Information:
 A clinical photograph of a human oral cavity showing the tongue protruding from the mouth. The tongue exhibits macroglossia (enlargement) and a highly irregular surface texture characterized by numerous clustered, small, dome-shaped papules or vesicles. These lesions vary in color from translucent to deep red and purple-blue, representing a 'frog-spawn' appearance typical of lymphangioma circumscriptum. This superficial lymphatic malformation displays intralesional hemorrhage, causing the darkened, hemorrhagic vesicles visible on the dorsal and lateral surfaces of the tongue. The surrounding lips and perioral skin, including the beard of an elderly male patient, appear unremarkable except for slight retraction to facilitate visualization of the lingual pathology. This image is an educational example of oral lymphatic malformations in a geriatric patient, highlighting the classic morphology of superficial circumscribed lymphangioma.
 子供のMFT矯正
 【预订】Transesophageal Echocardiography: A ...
==
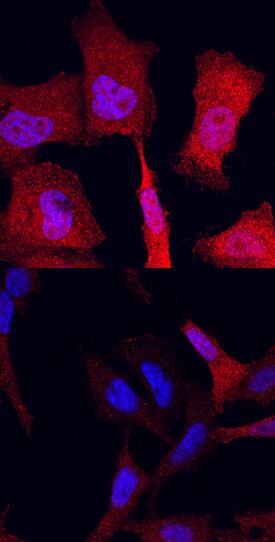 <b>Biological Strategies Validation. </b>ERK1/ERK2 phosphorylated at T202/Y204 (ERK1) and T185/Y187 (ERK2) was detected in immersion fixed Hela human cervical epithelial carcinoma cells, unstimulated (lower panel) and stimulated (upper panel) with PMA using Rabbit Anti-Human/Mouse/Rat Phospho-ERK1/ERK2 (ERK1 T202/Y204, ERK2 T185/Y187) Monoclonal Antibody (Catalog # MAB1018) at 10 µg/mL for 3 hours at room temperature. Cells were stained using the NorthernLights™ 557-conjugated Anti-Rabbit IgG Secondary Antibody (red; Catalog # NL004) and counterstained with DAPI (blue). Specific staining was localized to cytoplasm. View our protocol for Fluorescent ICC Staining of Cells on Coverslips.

What you should do: Transcribe the lines above between the line holding "A clinical photograph" and the line holding "Echocardiography: A ...", inclusive, exactly as they stand and with nothing added.

Response to this exercise:
 A clinical photograph of a human oral cavity showing the tongue protruding from the mouth. The tongue exhibits macroglossia (enlargement) and a highly irregular surface texture characterized by numerous clustered, small, dome-shaped papules or vesicles. These lesions vary in color from translucent to deep red and purple-blue, representing a 'frog-spawn' appearance typical of lymphangioma circumscriptum. This superficial lymphatic malformation displays intralesional hemorrhage, causing the darkened, hemorrhagic vesicles visible on the dorsal and lateral surfaces of the tongue. The surrounding lips and perioral skin, including the beard of an elderly male patient, appear unremarkable except for slight retraction to facilitate visualization of the lingual pathology. This image is an educational example of oral lymphatic malformations in a geriatric patient, highlighting the classic morphology of superficial circumscribed lymphangioma.
 子供のMFT矯正
 【预订】Transesophageal Echocardiography: A ...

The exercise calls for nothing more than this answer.